I popped down to Exeter Canal for an early morning session with high hopes as ever. Fished nearly down as far as Turf Locks and had the daybreak to myself. Overcast and still conditions, and a crack of dawn start helped raise my optimism. But any early feelings of hope were quickly dispelled when the first of 10 or so canoes came storming down the canal shattering the early morning tranquility. By the time they had all made their 3rd and in some cases 4th pass I decided that maybe Sunday mornings weren’t the best time to fish the venue. After an hour of perseverance I eventually decided I was flogging a dead horse and should leave the canal to the rowing club. Given my usual form with the fly rod I can hardly blame them for the ensuing blank… but it couldn’t of helped all the same. Still, I learnt a valuable lesson which was try to not coincide fishing trips with university rowing club training sessions.
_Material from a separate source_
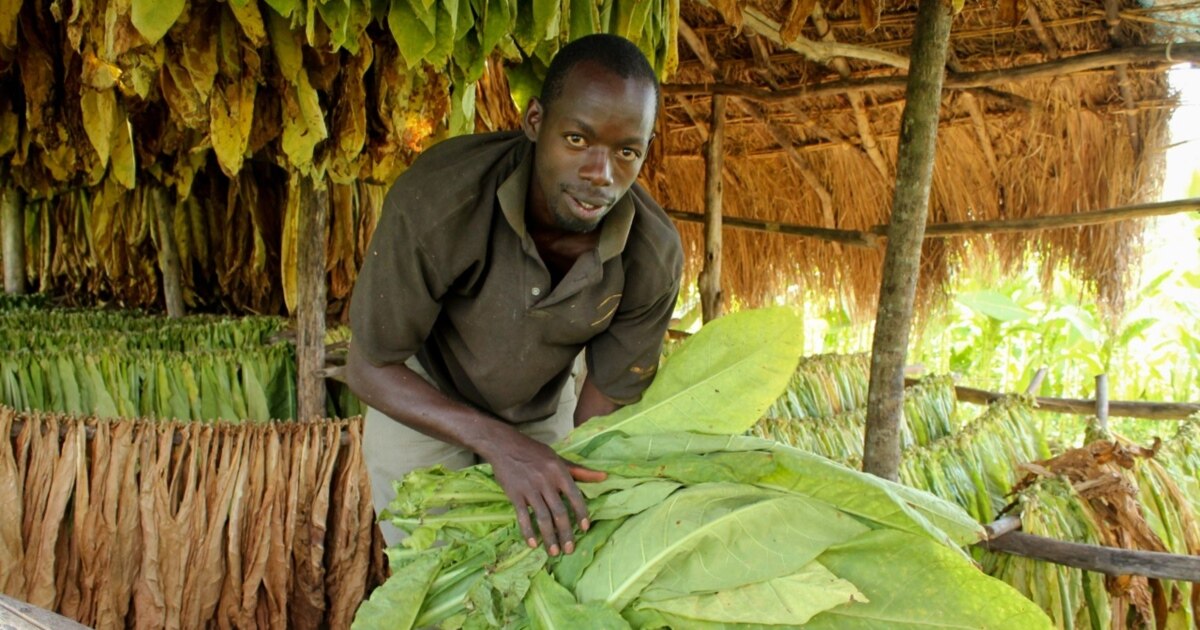 Ugandan Farmers Fighting for Tobacco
One thing did brighten my day slightly though was the new Fulling Mill wire trace I was using – really supple and flexible. Shame it didn’t get a proper testing. Maybe next time.
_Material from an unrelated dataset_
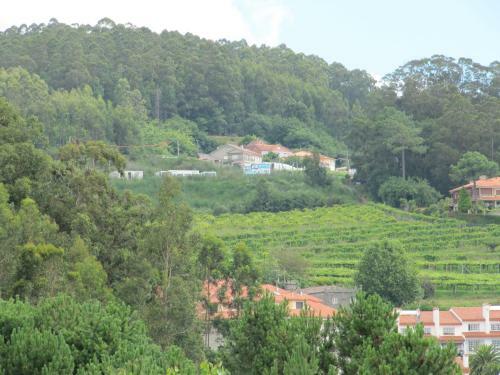 Apartamento Atico Panadeira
It’s that time of year again – I’m officially another year older. Having taken enough hints over the last few months, about the need for me to improve my casting, my lovely wife arranged for a days fly casting tuition for my birthday. Somehow she’d managed to get it arranged for the actual day, with Nick Hart Fly Fishing up at the nearby Exe Valley Fishery. To say I had been looking forward to it would be an understatement. Sadly the weather of late hasn’t been that great what with torrential rain, wind and a particularly unwelcome drop in temperature this last couple of days. The River Exe has been flowing fast and high and a distinct chocolate colour all this week so it wasn’t a great surprise that on the eve of the big day I got a call from Nick offering the opportunity to postpone the days fishing. On the basis that if the guide is giving the option to postpone, prospects must be pretty dire, I took him up on the offer and rearranged for another date in a couple of weeks. Fingers crossed for better weather at the beginning of December!
Now with a free day and the excuse that it is my birthday after all, it seemed only right that I at least try to wet a line. Fishing the raging torrent that was the River Exe this morning was out of the question, as would be any of the other rivers around about I guessed. The Exeter Canal seemed the best bet to my mind, as it would at least be fishable.
I decided to try the section from the swing bridge on down to just past the motorway bridge. What’s interesting about this section is that the river Exe runs immediately adjacent to the canal for some way, and the river could be seen running high, fast and coloured whereas the canal was as clear and tranquil as usual. Having congratulated myself on a good call I set off to try my luck with trusty fly rod in hand. Would today be the day I finally christened the #8 rod? and in doing so get my first pike on the fly? Doing so on my birthday would be suitably memorable and fitting! A Birthday Pike!
It seemed the canal was the venue of choice today as I saw several other pike anglers around the Lime Kilns stretch – most spinning but also one dead baiting. Only one guy had had any luck, so it didn’t bode well.
I worked my way down past the Lime Kilns section & under the motorway bridge on the SWW treatment works side of the canal. The water was very clear and all in all it felt very pikey, so I was feeling quite optimistic. Once I’d walked for a while apart from the occasional canoeist I had the canal to myself. The benefit of the treatment works side of the canal is that it isn’t frequented by many people, unlike the other bank, so in that sense it made casting easier although with the bankside vegetation it was a matter of finding the gaps in the trees to be able to find space for the backcast. I used a very large 7″ streamer type fly to no success on the way down stream. Casting this really was a struggle and didn’t feel good. A combination of struggling with the casting and no interest from the fish led to me feeling a little negative by the time I decided to turn back. It wasn’t until I’d switched to a more modest sized fly that It dawned on me what a struggle it was to cast the big fly. Having switched, suddenly I was able to cast effortlessly and much further and my spirits lifted. Maybe the #8 weight rod just isn’t man enough to cast such large flies – or maybe my casting ability isn’t quite up to it. I’ll have to raise this with Nick when I have the casting tuition in a couple of weeks time.
I got back to the car, fish-less but at least feeling pretty good about my casting and glad to have got out in the countryside. The birthday pike may have eluded me this time, but there’s always next year.